To travel anywhere in Venice, you have to go by boat.

Imagine that! A modern city without a single car! What would you like about living in a city that was built on water? What would you miss? [Take suggestions]

When Robert Benchley, an American columnist who lived around the 1900s, flew to Venice for a holiday, he famously sent a telegram his editor, ‘Streets flooded. Please advise.’ I expect he was joking!
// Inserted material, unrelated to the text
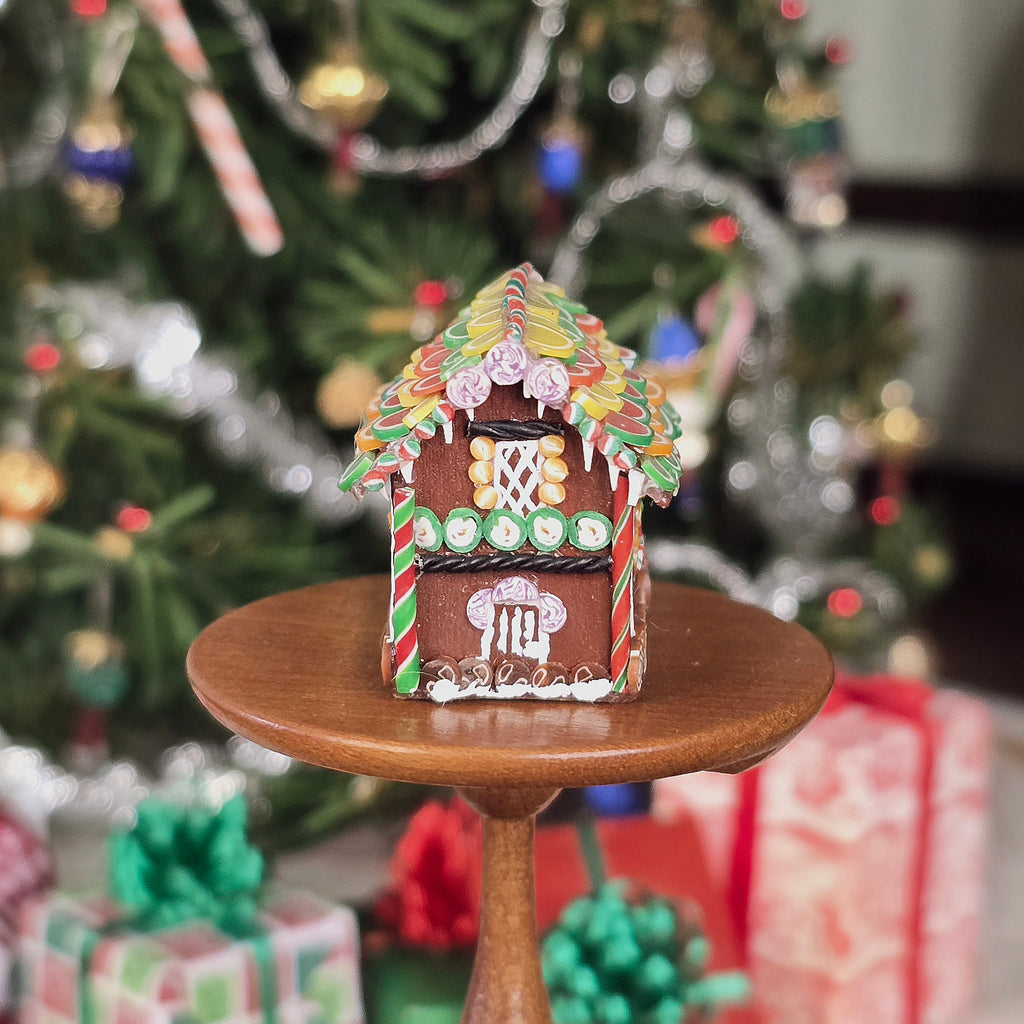 Decorative gingerbread house on a small wooden stand with a Christmas tree and presents in the background.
There are water buses called vaporetti that go up and down the main canals, and some people own their own small motorboats. But the most exciting way to see Venice is in a gondola. In the days before engines were invented, gondola boats were the only way to travel around Venice. They are beautiful, long, slim boats, made of eight different types of wood, which can carry around six people and are rowed by a gondolier who rows standing at one end. The gondolas and gondoliers give such a striking picture of Venice that they’ve even had a musical opera written about them called… you’ve guessed it… ‘The Gondoliers’ by Gilbert and Sullivan.
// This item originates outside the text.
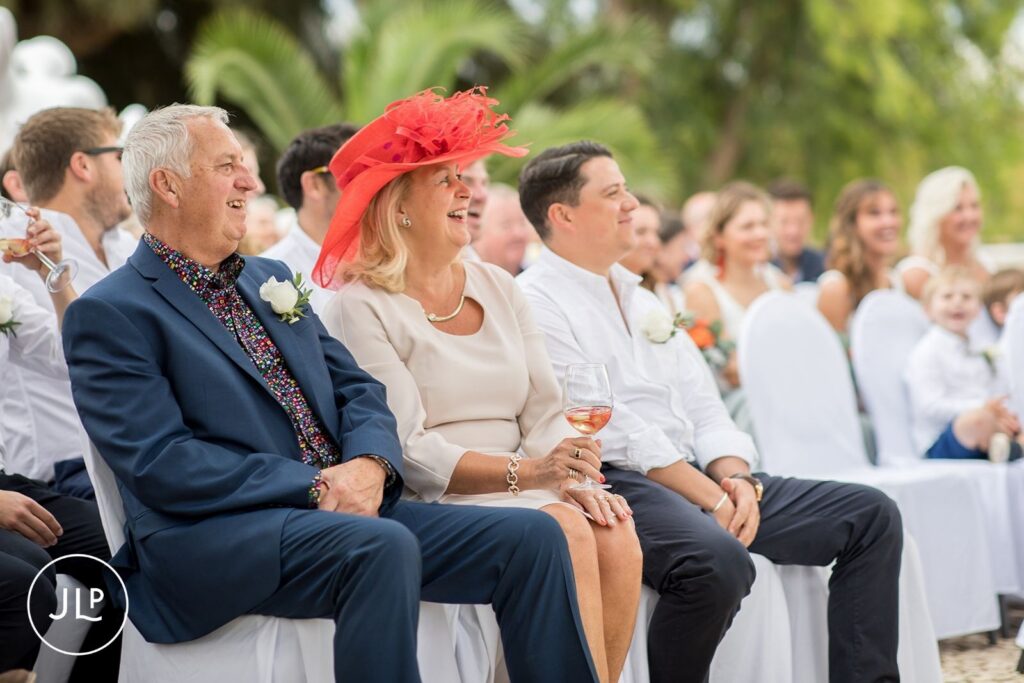 Wedding guests laughing during an outdoor ceremony, shot by an Algarve luxury wedding photographer.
As you can imagine, gondolas are a very popular way for tourists to see Venice. Which brings us back to Giorgia.

Giorgia’s story continued
Until recently, throughout their long 900 year history gondolas have always been rowed by men. It was thought that women weren’t strong enough to do the job, but Giorgia always dreamed of rowing a gondola and follow in the footsteps of her father, Alessandro.
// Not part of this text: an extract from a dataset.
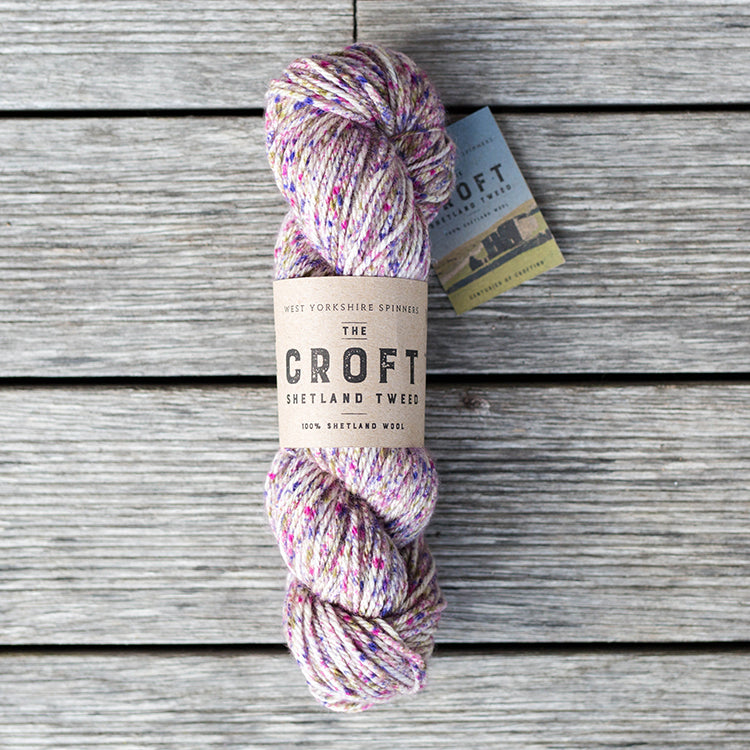 West Yorkshire Spinners the Croft Shetland Tweed in Heylor a white base yarn with purple, olive and magenta speckle.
Because the gondolas are such an important part of Venice’s history, would-be gondoliers have to pass strict tests. They have to have good knowledge of Venetian history and its landmarks, have practical skills in rowing the gondola − especially in the tight spaces of Venetian canals − know how to navigate Venice’s winding waterways, and how to manage the difficult tides and currents that flow in from the sea. And on top of that, the gondoliers are expected to have good foreign language skills. Phew!

Giorgia went on a six month course and is now the first woman to have passed all her exams and been given permission to take up the gondolier’s long oar made of beech wood.

‘I’m so happy to have realised my dream,’ says Giorgia. ‘I’ve been working on this since I was a little girl.’

Her Dad says, ‘She is bravissima [very brave]. I’m really proud of her – although I’m still not sure that being a gondolier is woman’s work.’

‘I’m sure that with experience Giorgia will be able to do it.’

It sounds like Giorgia will have her work cut out for her to prove that she’s just as good at rowing a gondola as her male colleagues!

Good luck, Giorgia! What a wonderful job you have in one of the most beautiful – and unusual – cities in the world.

PrayerDear Father,

Thank you for the ingenuity and creativity that encourage people to build a beautiful and unusual city like Venice. Teach us to love and respect the history around us and to enjoy the local traditions wherever we visit in the world. Amen.

Each village, town and city in the world has its own traditions. The traditions of Venice are unusual because of its watery location, but respecting tradition and differences wherever we find them will help us to understand the people who live there and enjoy them as tourists.

Further information

  • The woods used to make gondolas are: lime, larch, oak, fir, cherry, elm and mahogany. The oars are made from beech and the rowlocks from walnut.
  • The reason the wooden piles on which Venice is built don’t decay is because of the lack of oxygen in the water there.
  • Nobody knows for sure where the word ‘gondola’ comes from.